COPD and Pulmonary Rehabilitation (Community)
We provide pulmonary rehabilitation which includes patient education, exercise training, psychosocial support and advice on nutrition.
Pulmonary rehabilitation has been shown to improve exercise capacity, reduce breathlessness, improve health-related quality of life, and decrease healthcare utilisation.
The majority of patients considered for pulmonary rehabilitation programmes will have chronic obstructive pulmonary disease (COPD). Pulmonary rehabilitation should be offered to all patients who consider themselves functionally disabled by COPD.

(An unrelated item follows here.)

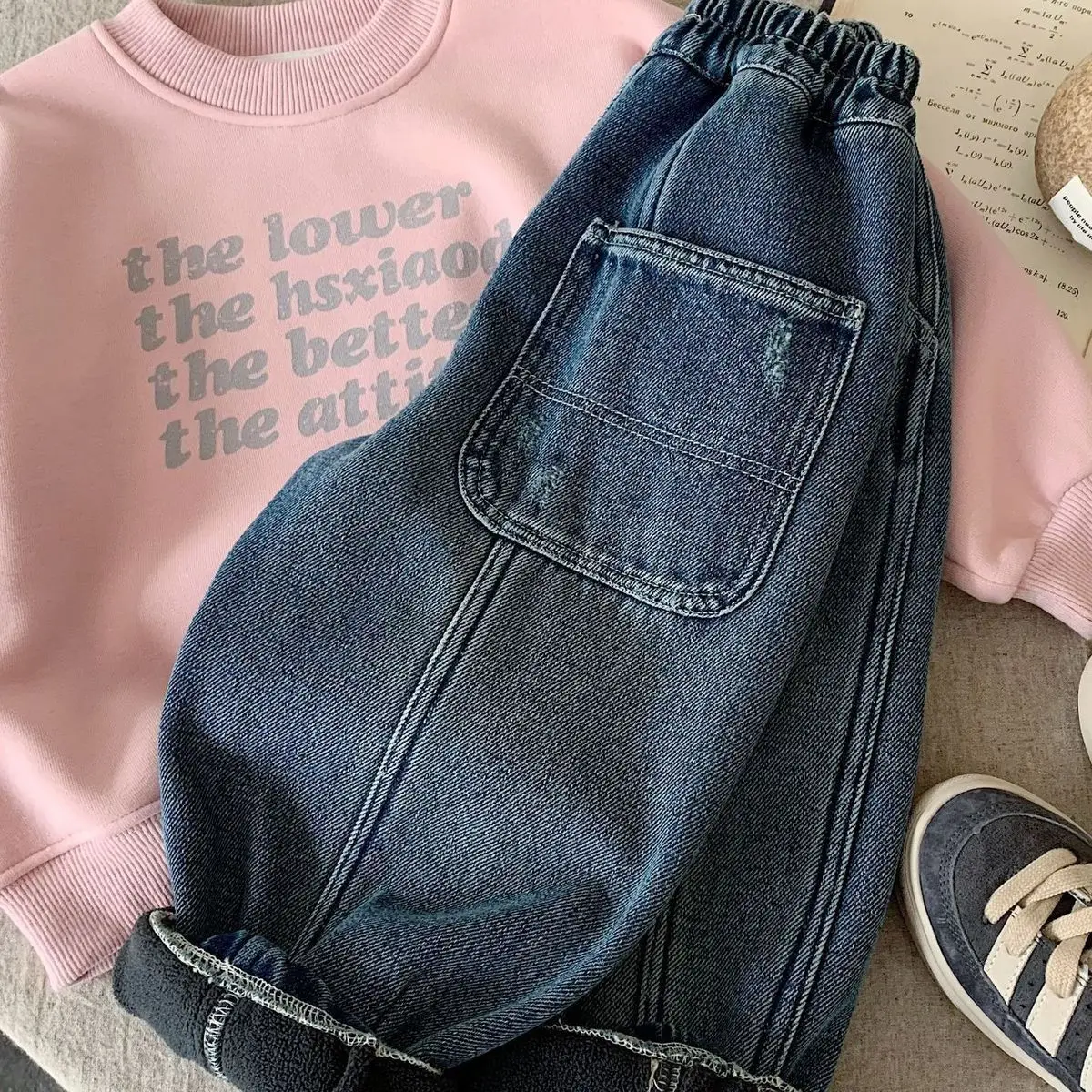 Boys Winter Fleece Lined Jeans Kids Warm Loose Integrated Velvet Denim Pants Toddler Casual Trousers Children Clothing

The rehabilitation process incorporates a programme of physical training, disease education, nutritional assessment and advice, and psychological, social, and behavioural intervention.
Rehabilitation is provided by a multiprofessional team, with involvement of the patient’s family and attention to individual needs. Respiratory rehabilitation is effective in helping to relieve dyspnea and improve control of COPD.

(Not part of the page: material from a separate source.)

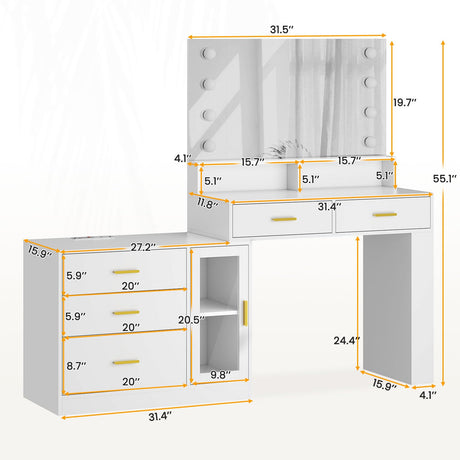 AOGLLATI Makeup Vanity Desk with Mirror and Lights & Charging Station, White Vanity Table with 3 Drawers LED Dresser, Makeup Desk with 3 Lighting Modes, 5 Drawers and Cabinet Storage AOGLLATI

Pulmonary rehabilitation for patients with COPD has also been shown to relieve fatigue, improve emotional function and enhance patients’ sense of control over their condition.
Who do we work with?
Although most patients will have chronic obstructive pulmonary disease (COPD), the benefits of rehabilitation may apply to all patients with dyspnoea from other respiratory diseases. Pulmonary rehabilitation is effective for people with moderate-to-severe COPD. It is not suitable for people unable to walk, who have unstable angina, or who have had a recent myocardial infarction.
Rehabilitation is considered at all stages of disease progression when symptoms are present and not at a predetermined level of impairment.